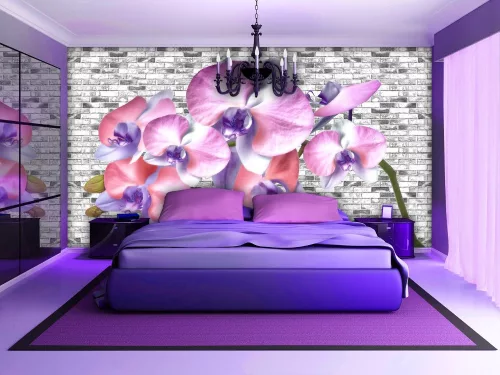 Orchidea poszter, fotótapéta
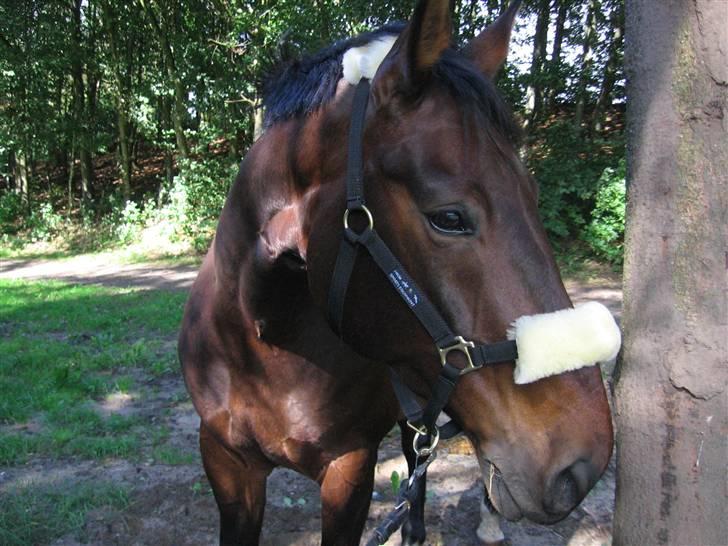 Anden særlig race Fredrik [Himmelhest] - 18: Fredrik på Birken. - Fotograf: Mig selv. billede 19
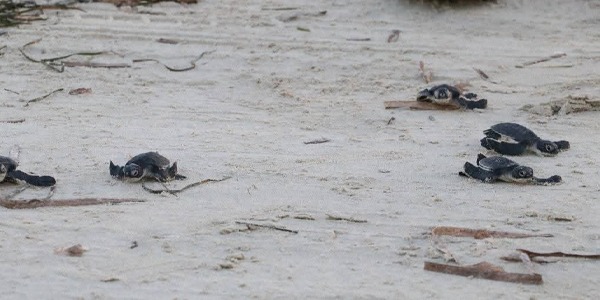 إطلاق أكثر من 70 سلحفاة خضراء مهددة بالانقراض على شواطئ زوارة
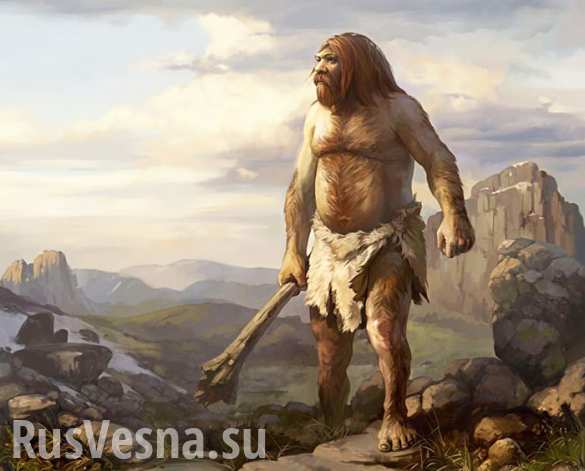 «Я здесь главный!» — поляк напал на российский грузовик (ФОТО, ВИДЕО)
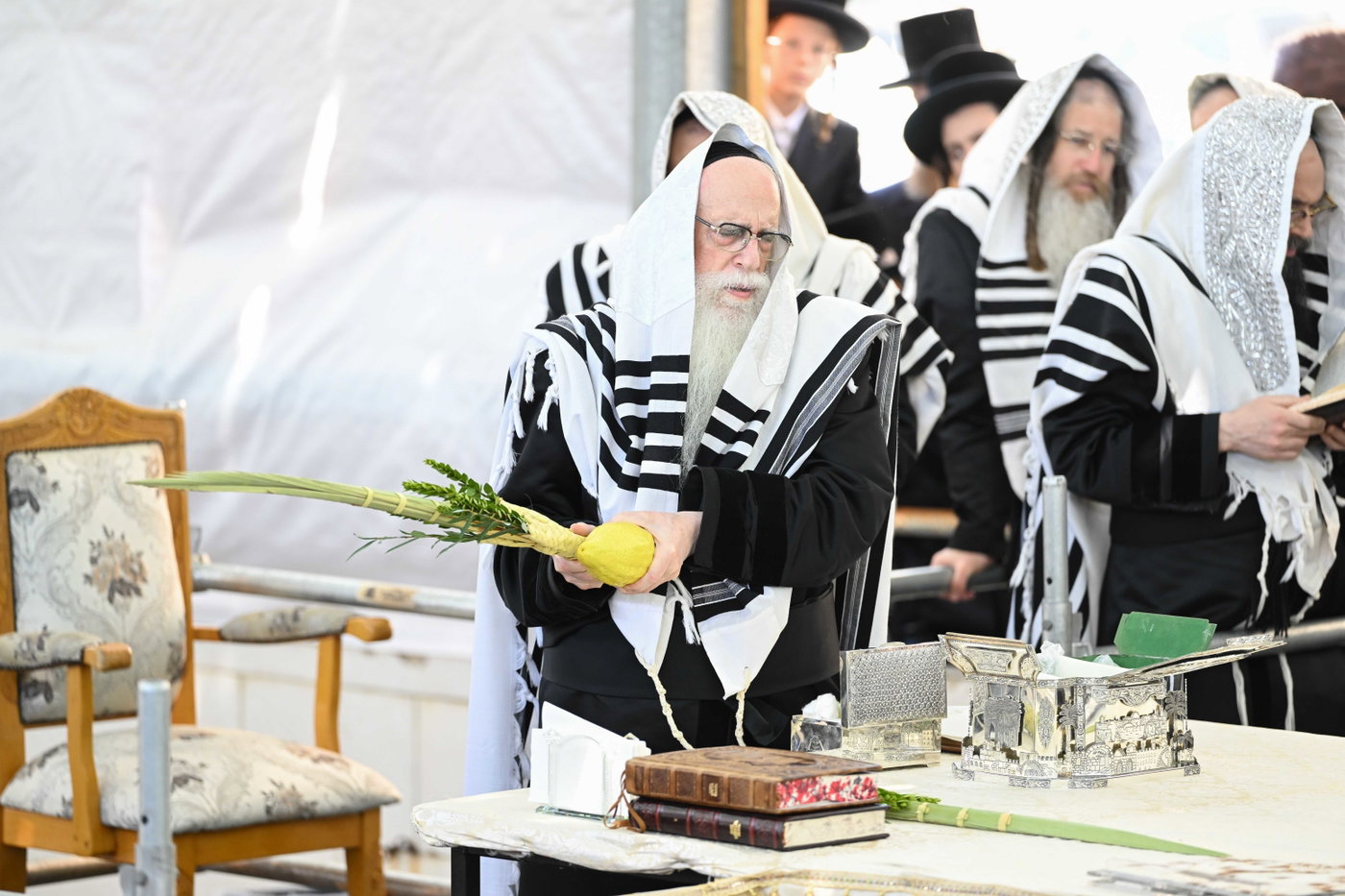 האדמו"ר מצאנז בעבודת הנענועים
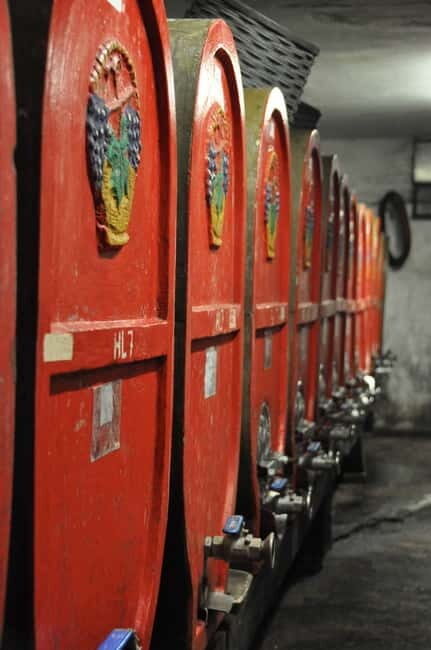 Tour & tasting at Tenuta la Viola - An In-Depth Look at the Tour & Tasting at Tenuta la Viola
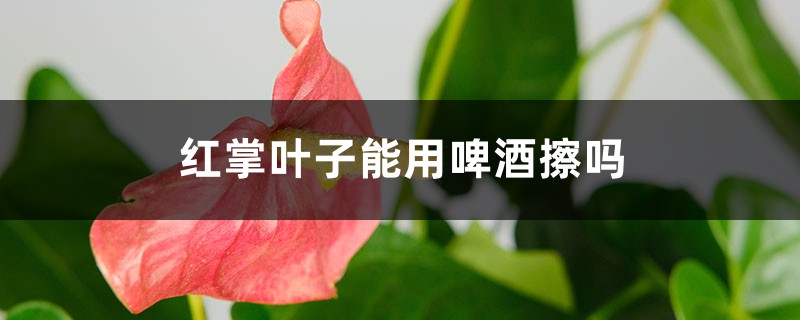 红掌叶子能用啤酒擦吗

*What this task involves:* In the listing above, find the line with "Anden særlig race" and the line with "מצאנז בעבודת הנענועים". Output both, plus every line between them, and no pictures.

*Result of the exercise:*
 Anden særlig race Fredrik [Himmelhest] - 18: Fredrik på Birken. - Fotograf: Mig selv. billede 19
 إطلاق أكثر من 70 سلحفاة خضراء مهددة بالانقراض على شواطئ زوارة
 «Я здесь главный!» — поляк напал на российский грузовик (ФОТО, ВИДЕО)
 האדמו"ר מצאנז בעבודת הנענועים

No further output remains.